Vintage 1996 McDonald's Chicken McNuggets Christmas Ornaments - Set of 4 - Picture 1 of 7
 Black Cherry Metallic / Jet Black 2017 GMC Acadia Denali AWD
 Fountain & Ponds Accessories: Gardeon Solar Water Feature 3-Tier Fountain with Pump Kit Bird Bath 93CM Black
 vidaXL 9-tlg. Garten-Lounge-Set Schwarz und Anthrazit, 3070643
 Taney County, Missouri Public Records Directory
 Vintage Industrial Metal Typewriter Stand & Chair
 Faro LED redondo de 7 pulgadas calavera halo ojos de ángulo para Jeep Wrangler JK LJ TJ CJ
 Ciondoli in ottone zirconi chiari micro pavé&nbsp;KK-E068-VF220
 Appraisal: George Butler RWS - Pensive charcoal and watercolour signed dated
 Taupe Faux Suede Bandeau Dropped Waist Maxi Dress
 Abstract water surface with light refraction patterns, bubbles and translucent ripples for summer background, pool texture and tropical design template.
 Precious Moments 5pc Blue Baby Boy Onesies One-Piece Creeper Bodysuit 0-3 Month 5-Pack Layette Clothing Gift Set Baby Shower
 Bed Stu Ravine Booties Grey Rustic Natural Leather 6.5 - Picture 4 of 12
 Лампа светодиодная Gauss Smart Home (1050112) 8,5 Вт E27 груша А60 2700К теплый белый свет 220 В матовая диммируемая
========
→ To do
When the line containing "Ciondoli in ottone" is found in the records above, restate it and every later line word for word through the last one, and nothing more.

→ Solved exercise
 Ciondoli in ottone zirconi chiari micro pavé&nbsp;KK-E068-VF220
 Appraisal: George Butler RWS - Pensive charcoal and watercolour signed dated
 Taupe Faux Suede Bandeau Dropped Waist Maxi Dress
 Abstract water surface with light refraction patterns, bubbles and translucent ripples for summer background, pool texture and tropical design template.
 Precious Moments 5pc Blue Baby Boy Onesies One-Piece Creeper Bodysuit 0-3 Month 5-Pack Layette Clothing Gift Set Baby Shower
 Bed Stu Ravine Booties Grey Rustic Natural Leather 6.5 - Picture 4 of 12
 Лампа светодиодная Gauss Smart Home (1050112) 8,5 Вт E27 груша А60 2700К теплый белый свет 220 В матовая диммируемая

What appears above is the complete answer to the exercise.